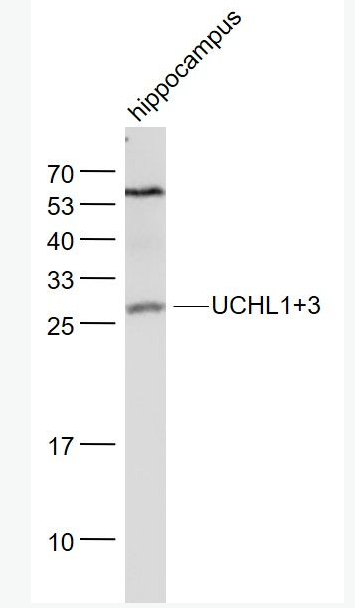 Anti-UCHL1+3 antibody-泛素硫酯酶L1+3抗体,UCHL1+3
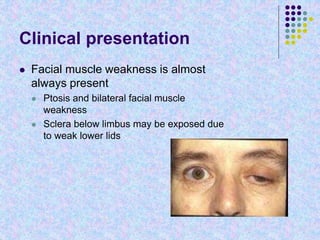 Clinical presentation
 Facial muscle weakness is almost
always present
 Ptosis and bilateral facial muscle
weakness
 Sclera below limbus may be exposed due
to weak lower lids
 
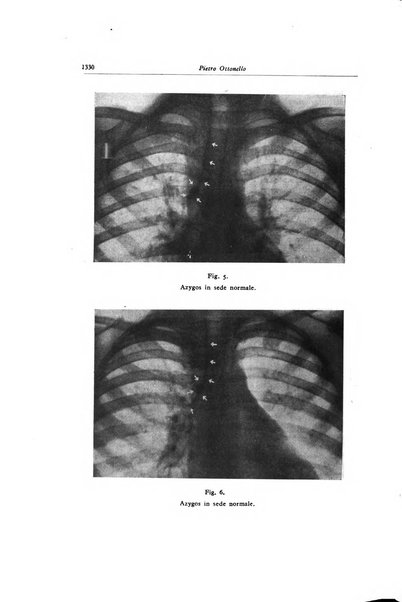 Lotta contro la tubercolosi rivista mensile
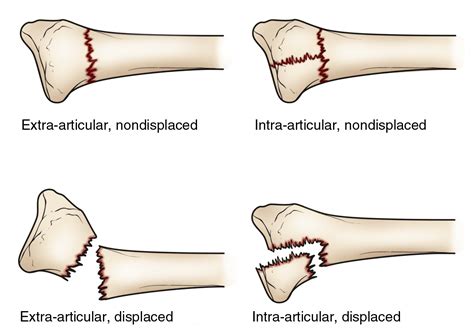 Image result for Distal Radius Fracture Recovery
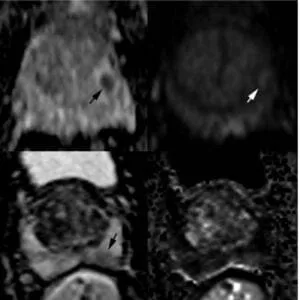 Focal (discrete and different from the background) hypointense on ADC and/or focal hyperintense on high b-value DWI (may be markedly hypointense on ADC or markedly hyperintense on high b-value DWI, but not both)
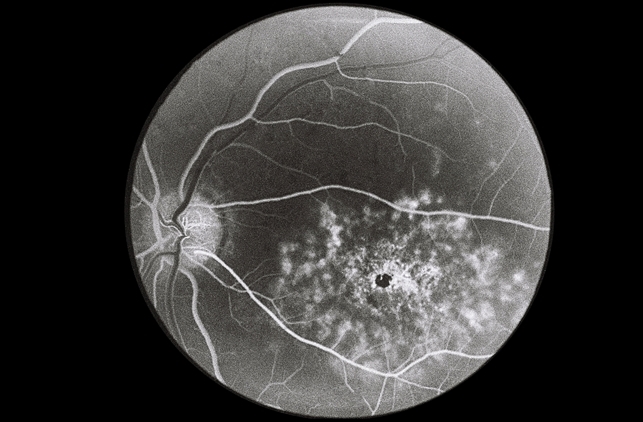 solar retinopathy: An in-depth look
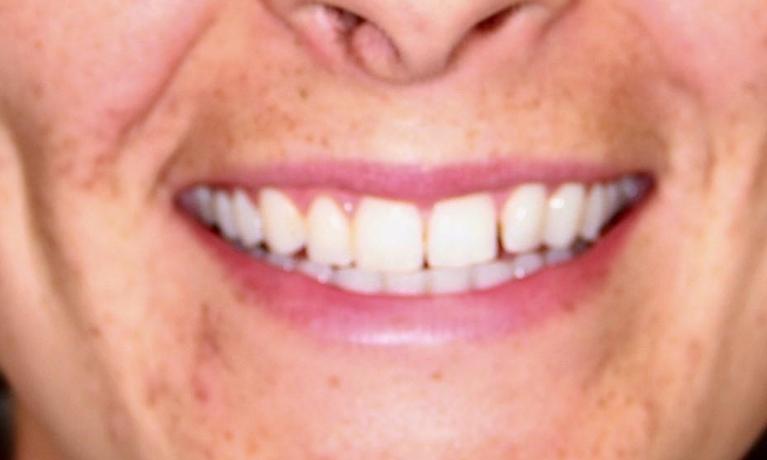Close-up of person smiling, displaying white, healthy teeth and bright smile.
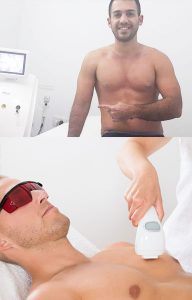 טיפול לייזר לגבר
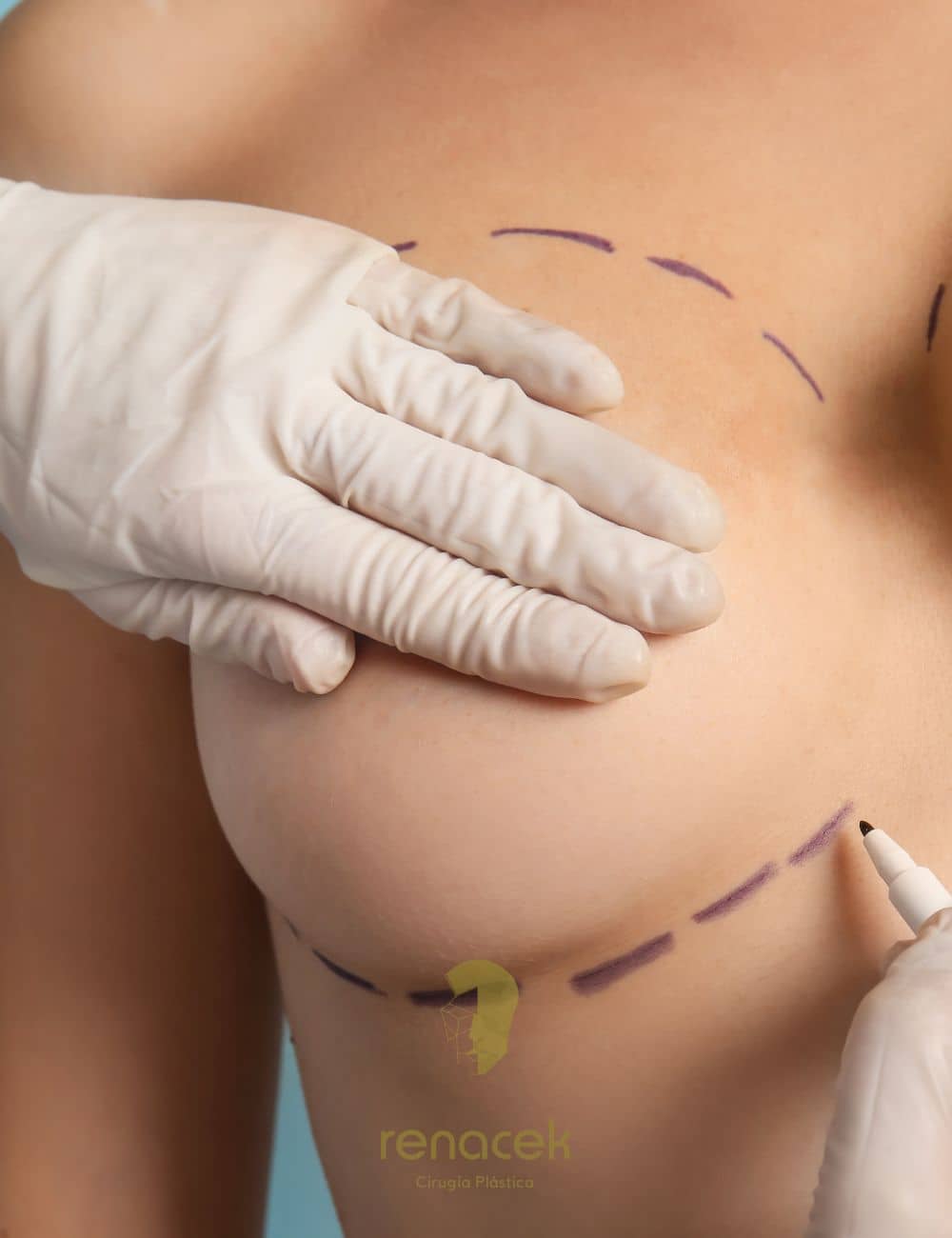 reducción de pecho precio zaragoza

==============================

• EXERCISE DETAILS
Wherever the word "muscle" appears in the listing above, copy the whole line.

• RESULT OF THIS EXERCISE
 Facial muscle weakness is almost
 Ptosis and bilateral facial muscle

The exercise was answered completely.